[Stored data entries]
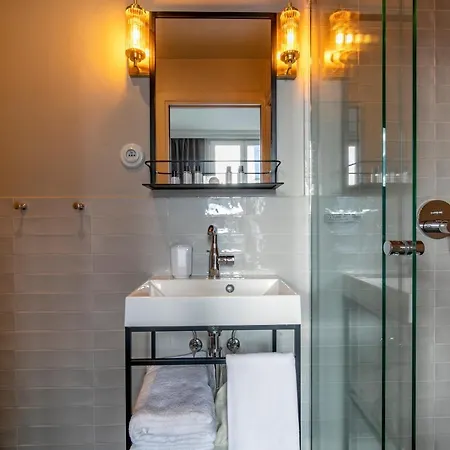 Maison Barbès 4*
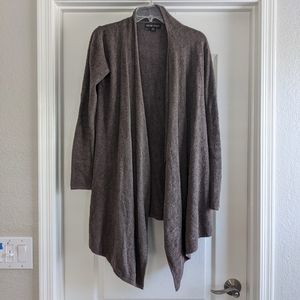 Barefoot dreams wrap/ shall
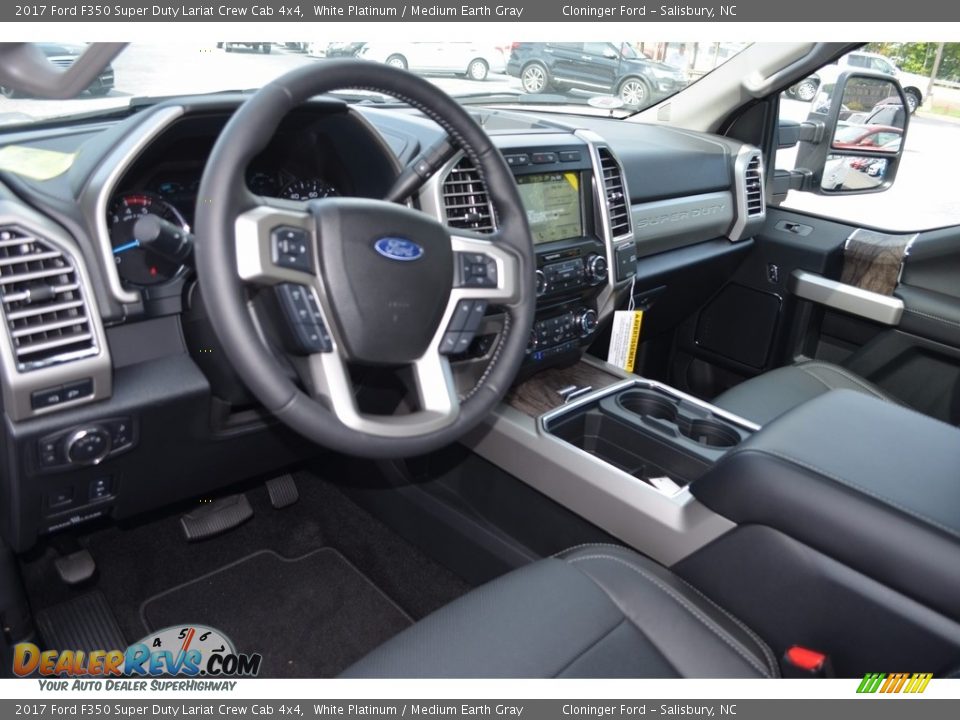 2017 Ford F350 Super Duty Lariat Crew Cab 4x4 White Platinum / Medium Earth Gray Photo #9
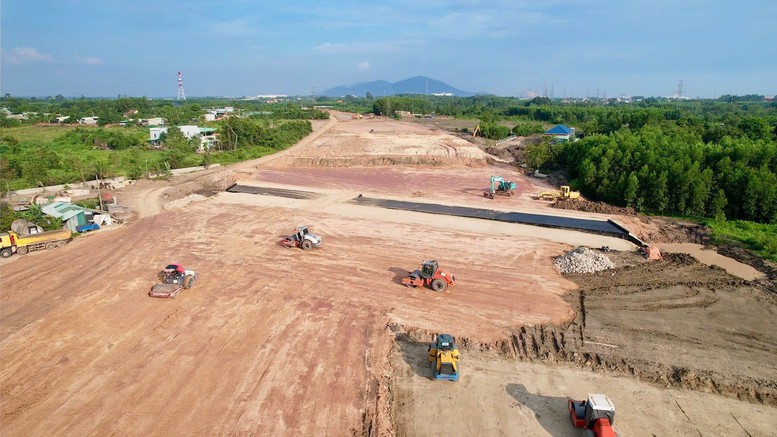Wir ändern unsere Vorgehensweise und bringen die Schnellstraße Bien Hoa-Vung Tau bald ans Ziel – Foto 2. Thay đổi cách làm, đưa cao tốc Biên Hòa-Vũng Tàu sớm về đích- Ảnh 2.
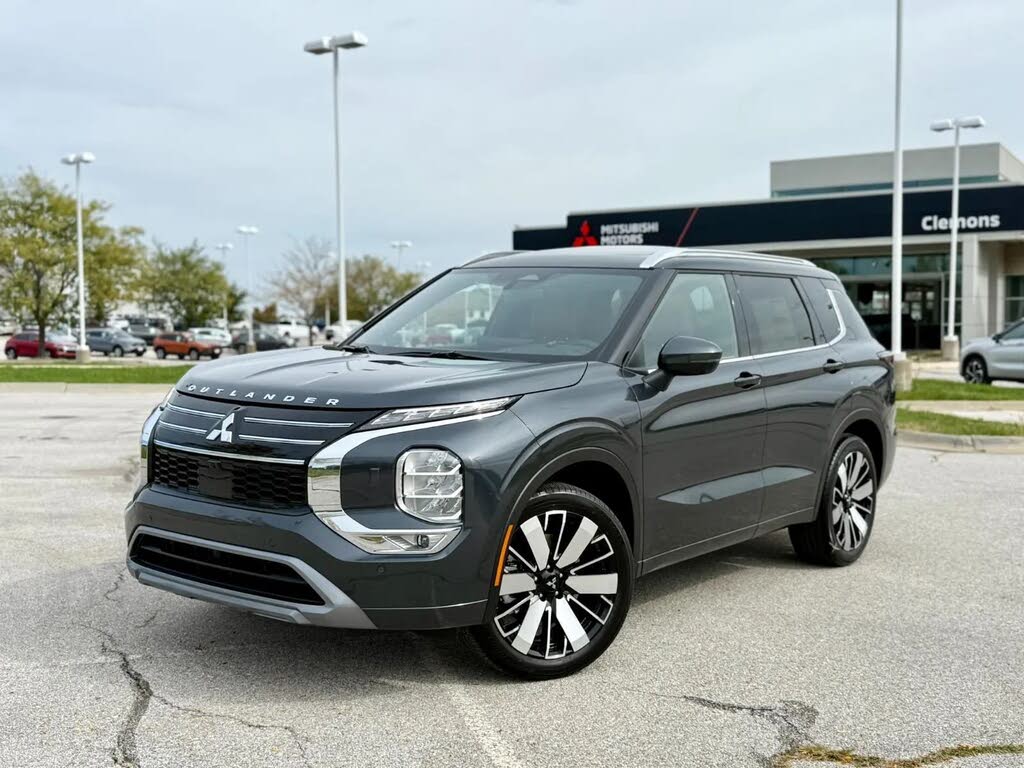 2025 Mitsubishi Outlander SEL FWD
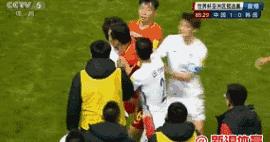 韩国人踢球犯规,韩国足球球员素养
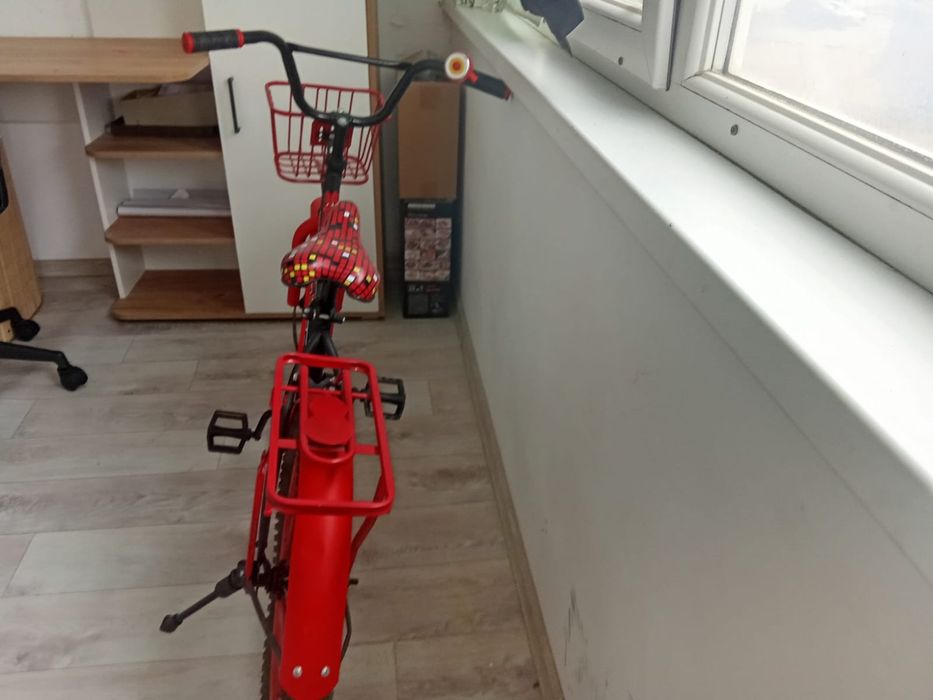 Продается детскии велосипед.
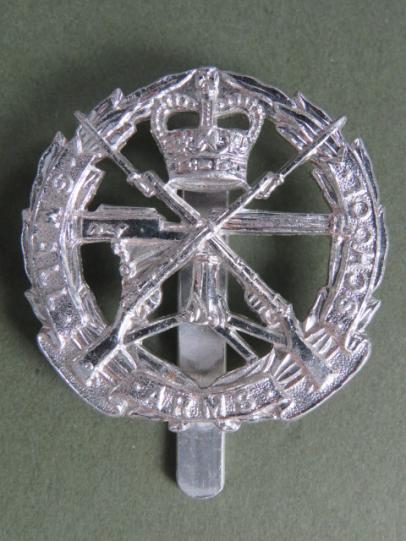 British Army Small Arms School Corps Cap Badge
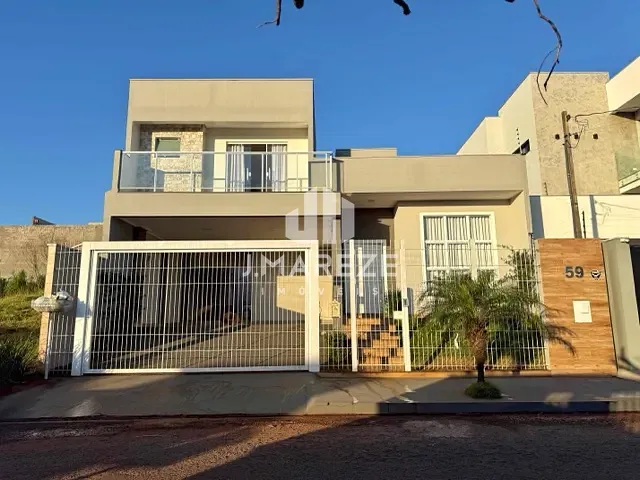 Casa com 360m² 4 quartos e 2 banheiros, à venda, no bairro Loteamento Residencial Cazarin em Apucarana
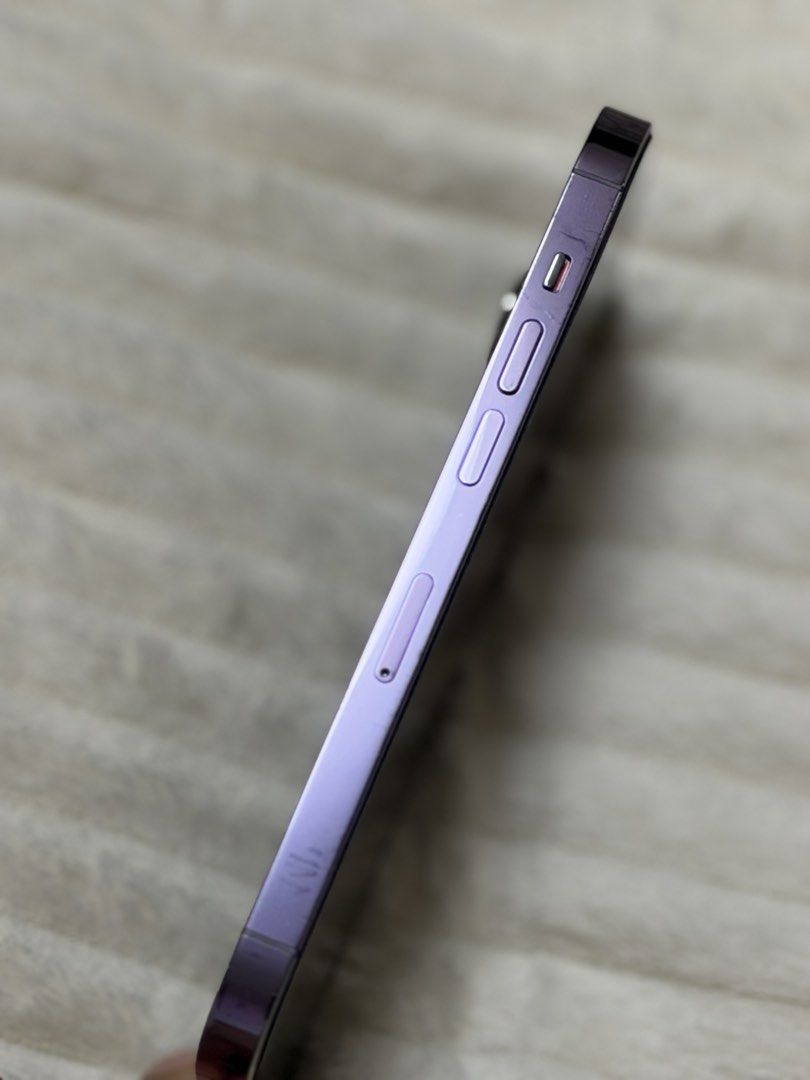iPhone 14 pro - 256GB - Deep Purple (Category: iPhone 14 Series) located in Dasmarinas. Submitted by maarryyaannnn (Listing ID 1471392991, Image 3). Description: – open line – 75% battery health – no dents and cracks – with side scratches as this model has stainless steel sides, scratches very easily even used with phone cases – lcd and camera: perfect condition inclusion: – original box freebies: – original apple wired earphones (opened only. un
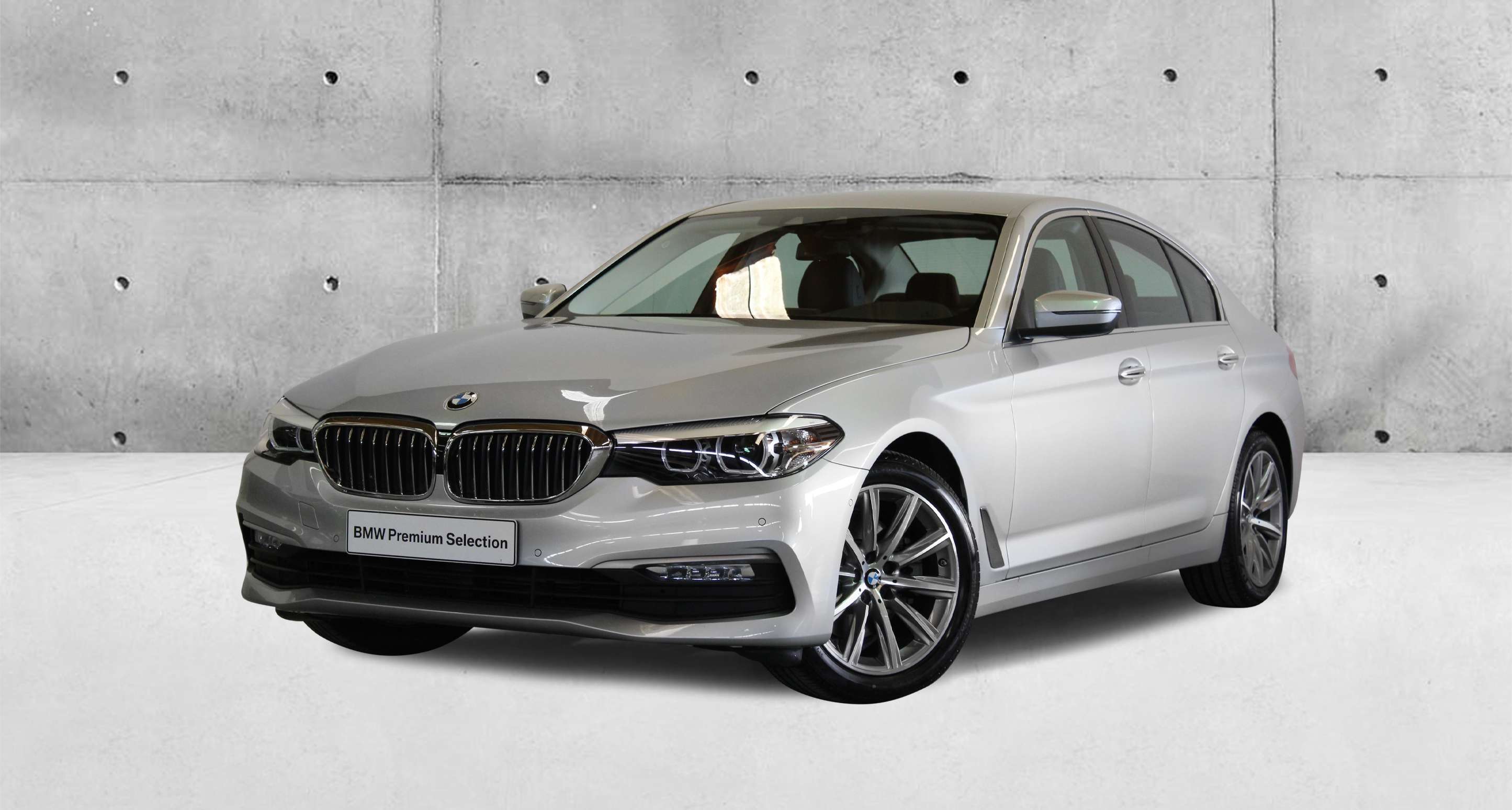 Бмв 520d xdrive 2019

• [What is being asked]:
In the reply, each line of the data must appear exactly as written, and no picture may appear.

• [Task result]:
 Maison Barbès 4*
 Barefoot dreams wrap/ shall
 2017 Ford F350 Super Duty Lariat Crew Cab 4x4 White Platinum / Medium Earth Gray Photo #9
Wir ändern unsere Vorgehensweise und bringen die Schnellstraße Bien Hoa-Vung Tau bald ans Ziel – Foto 2. Thay đổi cách làm, đưa cao tốc Biên Hòa-Vũng Tàu sớm về đích- Ảnh 2.
 2025 Mitsubishi Outlander SEL FWD
 韩国人踢球犯规,韩国足球球员素养
 Продается детскии велосипед.
 British Army Small Arms School Corps Cap Badge
 Casa com 360m² 4 quartos e 2 banheiros, à venda, no bairro Loteamento Residencial Cazarin em Apucarana
iPhone 14 pro - 256GB - Deep Purple (Category: iPhone 14 Series) located in Dasmarinas. Submitted by maarryyaannnn (Listing ID 1471392991, Image 3). Description: – open line – 75% battery health – no dents and cracks – with side scratches as this model has stainless steel sides, scratches very easily even used with phone cases – lcd and camera: perfect condition inclusion: – original box freebies: – original apple wired earphones (opened only. un
 Бмв 520d xdrive 2019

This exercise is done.